Just a question though:
you mentioned: "In my experience, reducing the dimensionality of the feature
columns rarely improves predictive accuracy but it often significantly
improves training time.'
I have a feeling there are aspects of my dataset that are non-linear in
nature. A PCA was not able to sepearate the data into two destinct groups
although it almost worked. Is there no chance that an isomap will help me
improve the separation?
JavR
I think I spoke too strongly. I ran a bunch of tests with some variations of
this method on about 60 datasets from the UCI repository and found little
improvement.
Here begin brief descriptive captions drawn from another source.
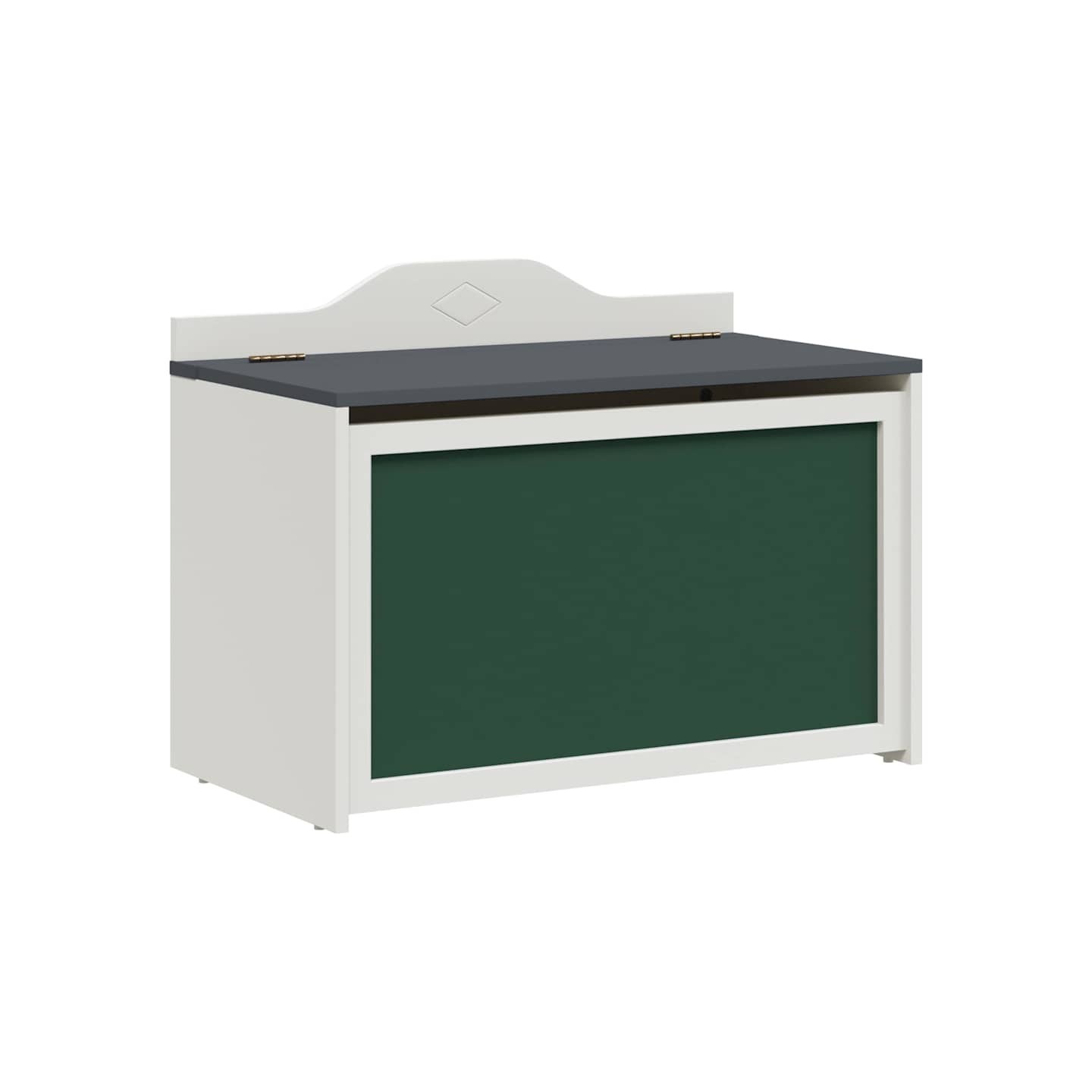 Rangement créatif pour enfants ROROS Gris et blanc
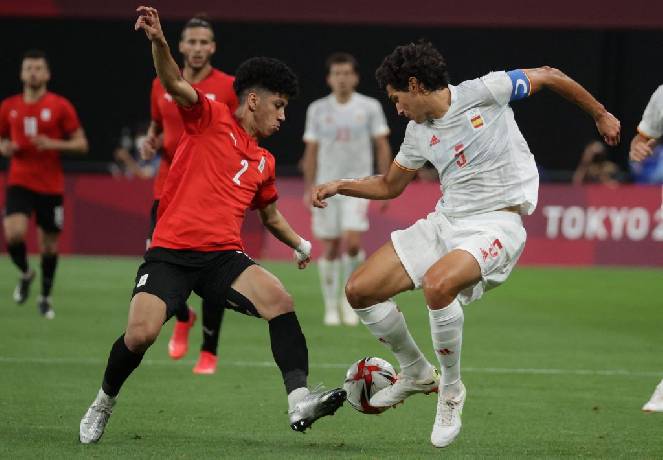 Ph&acirc;n t&iacute;ch k&egrave;o hiệp 1 U23 T&acirc;y Ban Nha vs U23 Bờ Biển Ng&agrave;, 15h ng&agrave;y 31/7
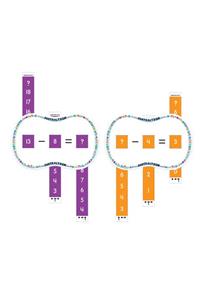 Slide 'n' Solve: Subtraction, Grades 1 - 3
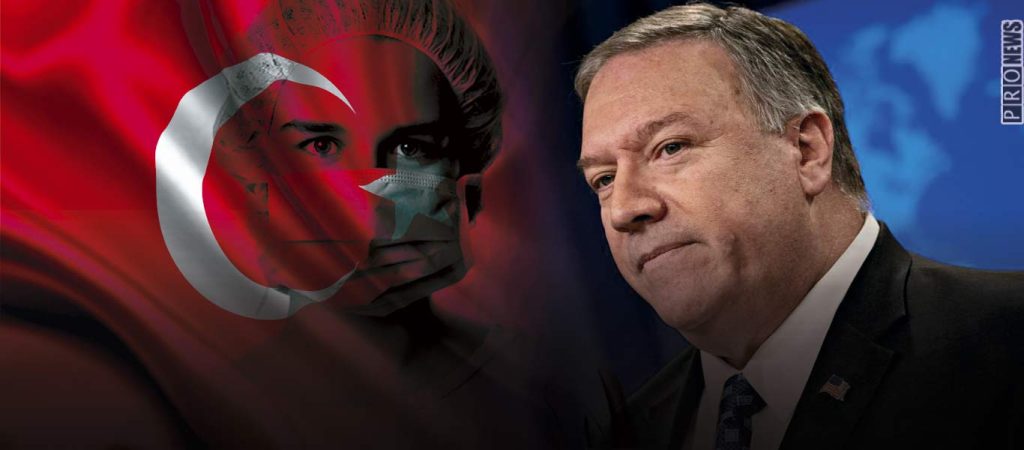 Μεγάλο φορτίο ανθρωπιστικής βοήθειας από Τουρκία σε ΗΠΑ! – Αμερικανός ΥΠΕΞ Μ.Πομπέο: «Ευγνωμονούμε την Τουρκία»!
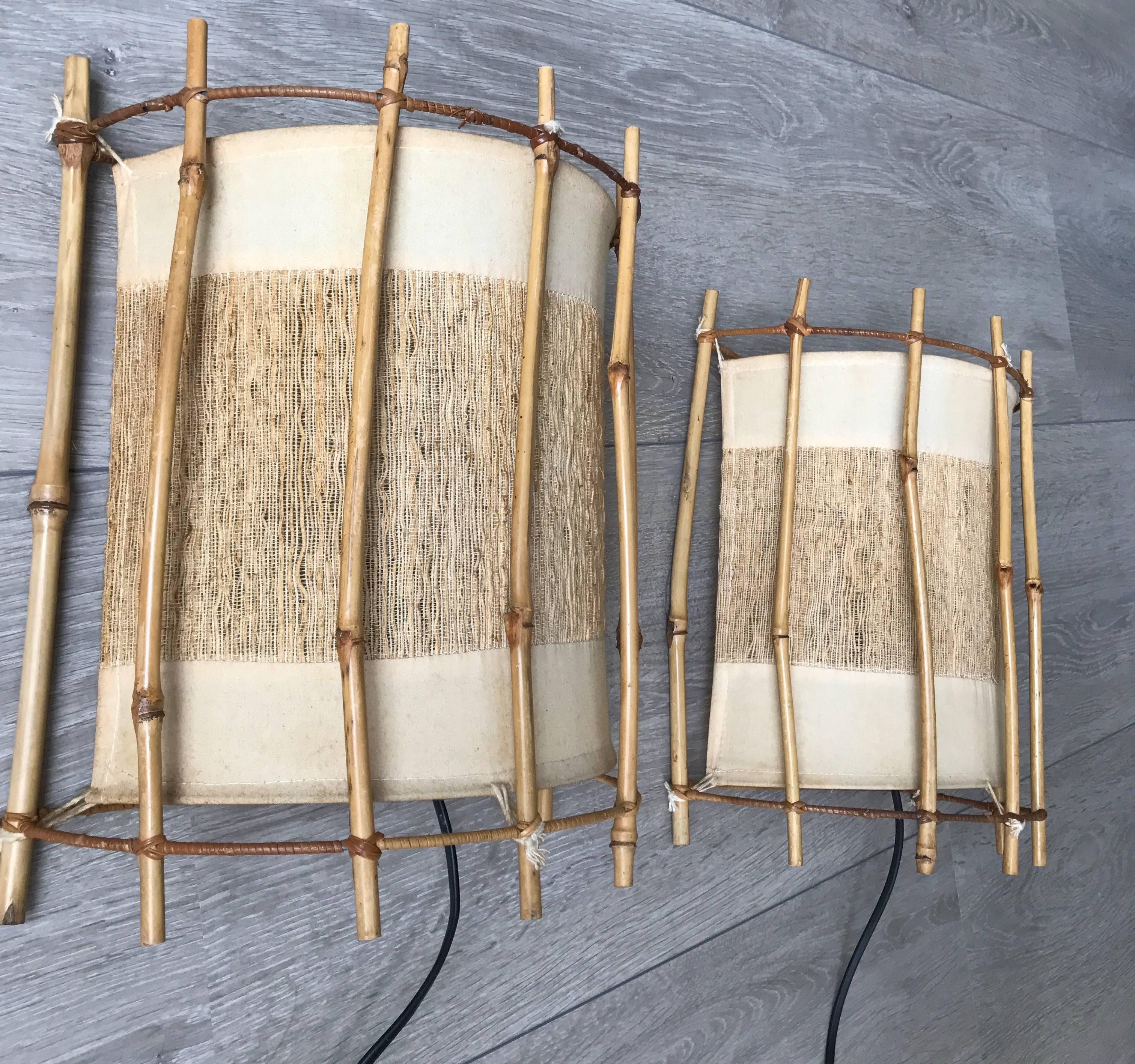bamboo sconces wall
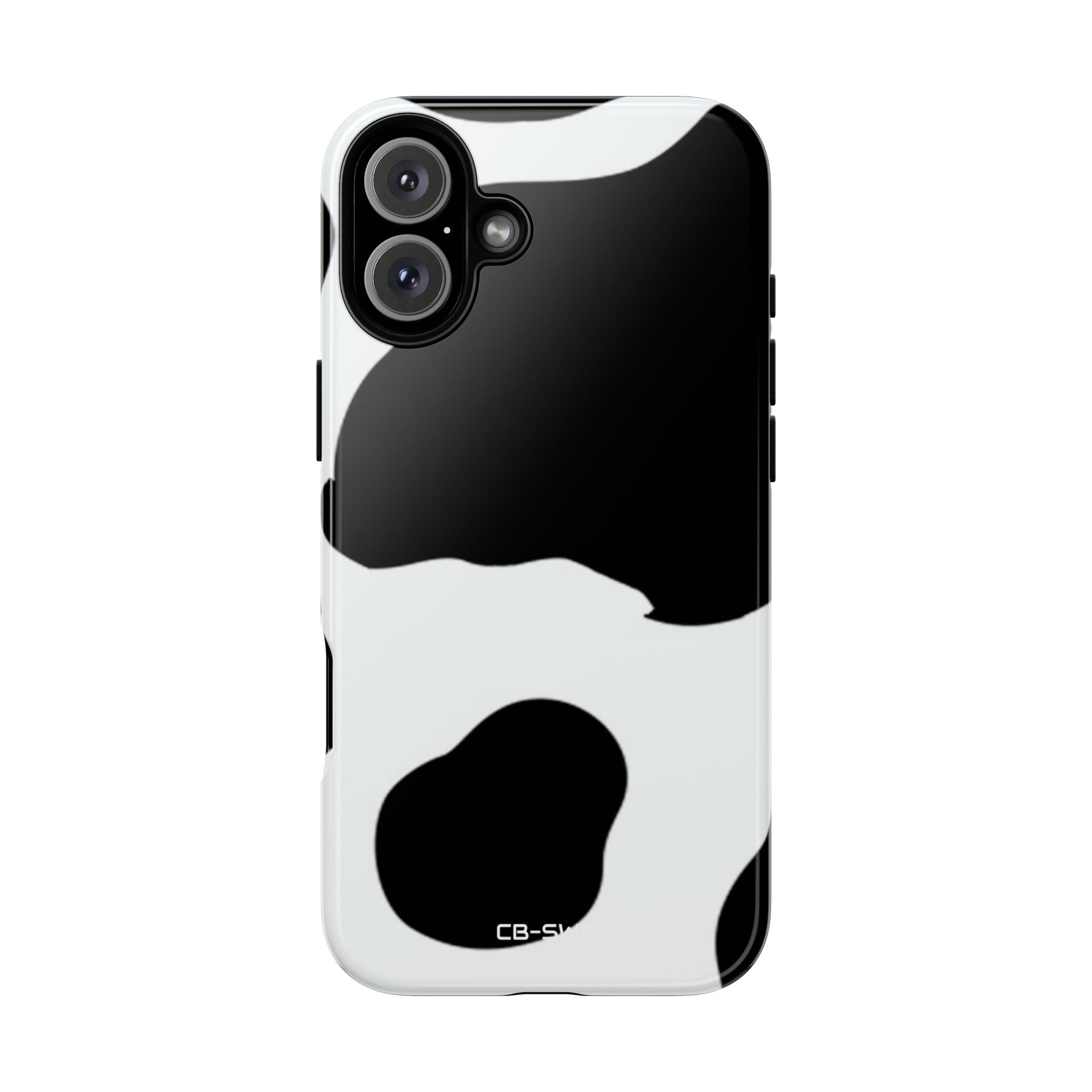 Organic Cow Print - iPhone Case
It is always possible that your implementation will be better
than mine, and I think it is quite likely that many interesting problems are
not represented well by the UCI datasets. NLDR seems to be particularly
helpful with images. I'm pretty sure that the best score yet obtained with the
mnist hand-written digits dataset was obtained using some sort of semi-
supervised dimensionality reduction. If it turns out that a lossy
transformation, like NLDR, does have beneficial effects in some cases, and
those cases can be identified programmatically, then it seems that this should
be built into our learning algorithms.
Another issue you might encounter with Isomap is that it expects the
neighborhoods to be sufficiently large that it forms a connected graph. If
your data is separated into clusters, it might take large neighborhoods to
ensure there are no disconnected clusters.
I think you might be interested in algorithms designed specifically for
transduction (http://en.wikipedia.org/wiki/Transduction_%28machine_learning%2
9),
such as agglomerativetranducer and graphcuttransducer. These algorithms are
particularly well-suited for separating classes that lie on manifolds.